DATA RECORDS:
▬▬▬▬▬▬
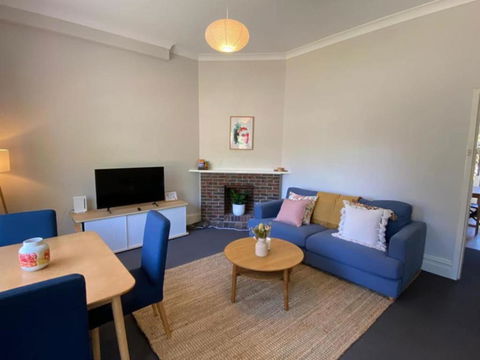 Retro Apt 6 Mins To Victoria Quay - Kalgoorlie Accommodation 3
▬▬▬▬▬▬
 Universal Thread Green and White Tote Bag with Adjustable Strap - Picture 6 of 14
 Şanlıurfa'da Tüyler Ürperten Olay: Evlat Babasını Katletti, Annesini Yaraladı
▬▬▬▬▬▬
REQUIREMENT:
Taking the listing above as the source, transcribe only the lines starting at the line with "Universal Thread Green" and going through the line with "Şanlıurfa'da Tüyler Ürperten", unaltered and with both ends included.

OUTPUT:
 Universal Thread Green and White Tote Bag with Adjustable Strap - Picture 6 of 14
 Şanlıurfa'da Tüyler Ürperten Olay: Evlat Babasını Katletti, Annesini Yaraladı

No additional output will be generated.